Cette technologie est particulièrement prometteuse pour les ordinateurs portables du futur. Elle va concrètement permettre d’améliorer sensiblement la puissance des PC tout en réduisant leur taille. D’une part, produire une puce qui embarque un très bon GPU avec sa RAM va permettre d’économiser de la place sur la carte mère, et donc de gagner de la place. On peut facilement imaginer des PC de la taille d’un NUC ou d’une grosse clé USB avoir une puissance comparable à celle d’un laptop de 2017.

Les promesses d’un processeur plus puissant et d’ordinateurs encore plus petits

D’autre part, le fait de placer le CPU et le GPU sur la même puce devrait permettre de gagner théoriquement en puissance et en vitesse de calcul. C’est en tout cas la promesse d’Intel avec EMIB, puisque la mémoire HBM2 devrait permettre au CPU et au GPU de communiquer bien plus rapidement que sur une carte mère classique. D’autre part, le GPU embarqué devrait également être plus puissant que les GPU intégrés habituels d’Intel.

Les caractéristiques techniques concernant EMIB manquent encore cruellement de détails. Mais la question que tous les observateurs se posent est de savoir pourquoi Intel a fait appel à AMD, son concurrent de toujours.
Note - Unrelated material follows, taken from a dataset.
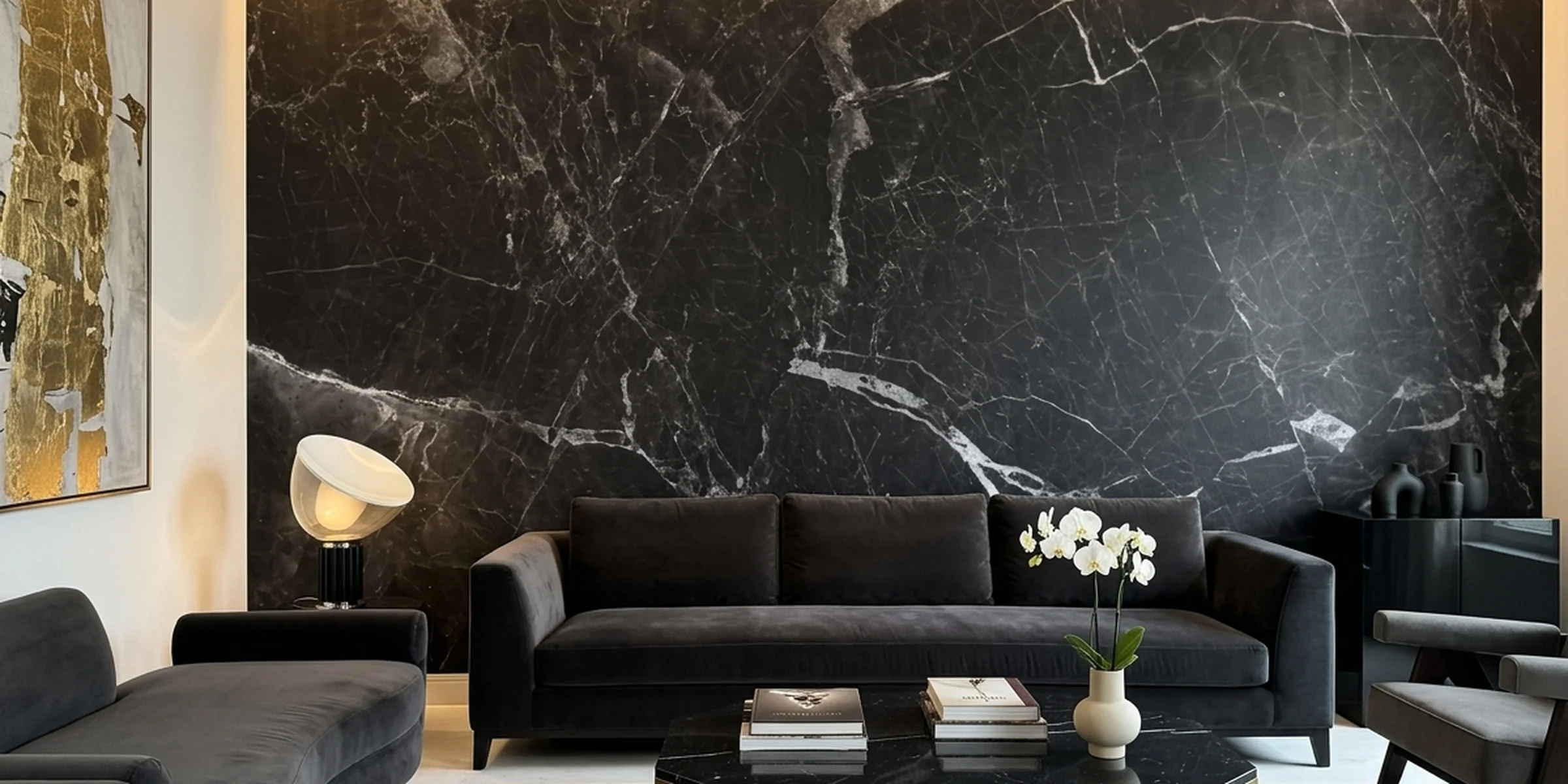 Dark Marble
La réponse est à la fois économique et pragmatique. En choisissant AMD pour s’occuper de la partie graphique de sa puce, Intel admet qu’il ne sait pas concevoir de puces graphiques performantes, capables de séduire les joueurs. Si l’on ne sait pas encore quelle est la nature exacte du GPU d’AMD (Polaris, Vega ?), on sait déjà qu’il s’agira d’un circuit custom bien plus puissant que les Intel HD intégrés dans les Intel Core des générations actuelles.
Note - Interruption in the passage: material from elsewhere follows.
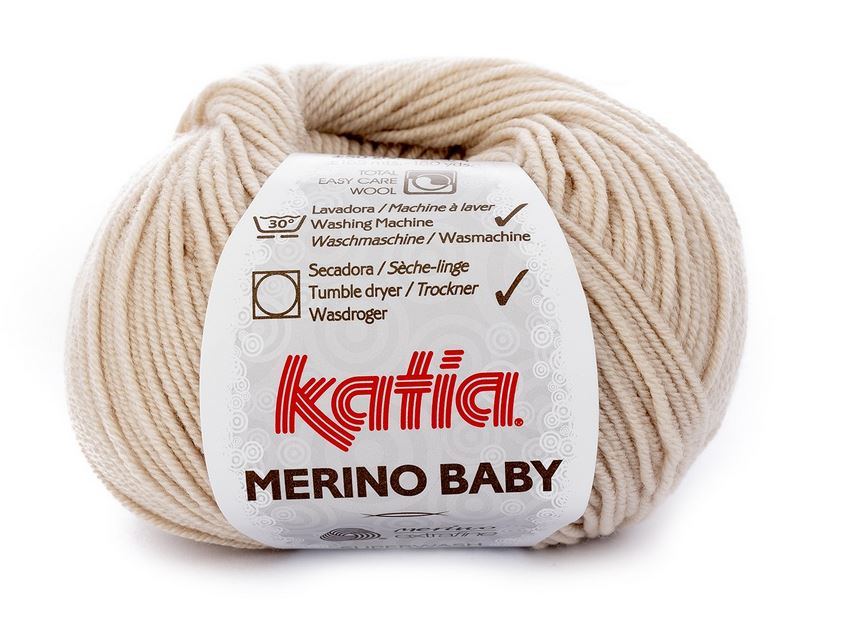 Katia - Merino Baby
Une première démonstration prévue pour le début de l’année prochaine

Ce manque de détails techniques pose encore de nombreuses questions. La puissance réelle de cette solution, bien sûr, mais aussi sur sa consommation et surtout sur la chaleur dégagée et sa dissipation thermique. Tout ce que l’on sait pour l’instant, c’est que les premiers appareils équipés de cette technologie seront présentés durant le premier trimestre de l’année prochaine. Il est donc fort probable de voir les premiers PC équipés de la technologie EMIB seront présentés au CES 2018.
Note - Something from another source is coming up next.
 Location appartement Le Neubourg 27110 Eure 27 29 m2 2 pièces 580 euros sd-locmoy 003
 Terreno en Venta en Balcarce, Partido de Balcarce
Beaucoup d’observateurs pensent néanmoins que l’association d’Intel à AMD n’est pas uniquement motivée par la simple maîtrise des GPU du second. Pierre Lecourt, du site MiniMachines, souligne ainsi qu’avec une puce intégrant un GPU AMD, Intel possède de sérieux arguments pour séduire Apple, qui utilise depuis longtemps des duos processeurs Intel/cartes graphiques AMD au sein de ses PC et qui rechigne encore à aller voir du côté de Nvidia. Un client d’Intel qui possède également des puces ARM de plus en plus puissantes (son A11 Bionic se révèle plus puissant qu’un Intel Core i5) et que la société américaine ne peut se permettre de perdre.

La technologie EMIB porte en elle de très belles promesses, aussi bien sur le plan économique que technique. Reste maintenant à savoir ce qu’elle donnera réellement dans un véritable PC. Vivement l’année prochaine.